In 1982 the church has got Cliff and the boys have got AC/DC. And in Brum the irresistible toll of ‘Hell’s Bell’ has given way to the cocky bravado of ‘COD’. Stocky Beano, the Andy Capp of ‘Ard Rock, toasts the crowd and gives his beer away. For a hard drinking man this is no casual gesture, but Angus still steals the show. Resplendent in new red blazer he duckwalks and careers round the stage from the off, an appetizer for the epileptic athletics to come.

You don’t notice Malcolm, Phil or Cliff so often, but you can sure as hell hear ’em. Cliff’s power bass and the steady thud of Rudd the Stud’s drums make for a rhythm section of massive authority, while Malcolm riffs away like there’s no tomorrow, a solid lynchpin for the Angus’ pyrotechnics and Beano’s gutsy vocals.

‘Sin City’ swaggers into ‘Shoot To Thrill’, this moving tale of ‘too many women and too many pills’ punctuated with mighty handclaps on rent from the Kop. And then they drop a gear for ‘Back In Black’, their mindboggling energy compressed into solid slabs of noise, as slow and heavy as a stomping brontosaurus.

Bluesy guitar rings out of the darkness, the opening for ‘Bad Boy Boogie’ and an orgy of Angus theatricals that carry on with his sexy strip and stack-climbing frenzies in ‘Rock ‘n’ Roll Ain’t Noise Pollution’ and right until the end with a death-defying run through the crowd during ‘Highway To Hell’ and blinding set-closer ‘Let There Be Rock’. In between there’s the essential stamp of ‘Let’s Get It Up’, ‘Dirty Deeds’ faster and thicker than the record and rip-roaring fantasy of ‘Whole Lotta Rosie’.

It’s only blues-soaked rock’n’roll, but is it potent!

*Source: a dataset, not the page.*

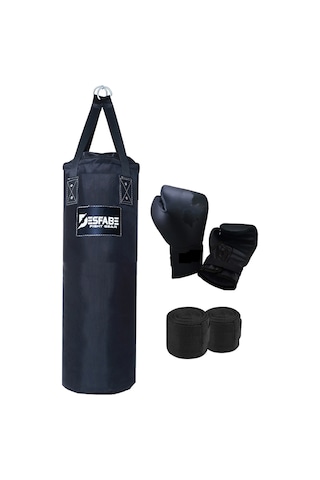 Desfabe PDS 80x25Cm Kolonlu Kum Torba+Eldiven+Bandaj Siyah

There’s no chance of stopping now. They’re back for terrace anthem ‘You Shook Me All Night Long’ and the irresistible surge of ‘For Those About To Rock’. I’m suddenly aware of the mighty cannons above the stage, just as the first explosion rings out. Sod that for a game of soldiers, those things look lethal.

After that the second encore could only be ‘TNT’, all the way from ‘High Voltage’ and you may recall possibly the original Oi! song. With thousands of throats punctuating the dynamite dingdong with that popular terrace shout, I was as close to heaven as a man can get this side of a bit part in Coronation Street.

The chill of the Brummy night air could do nothing to dispel the warm glow the concert had left inside. Sorry Sally Anne, the Devil has still got all the best tunes!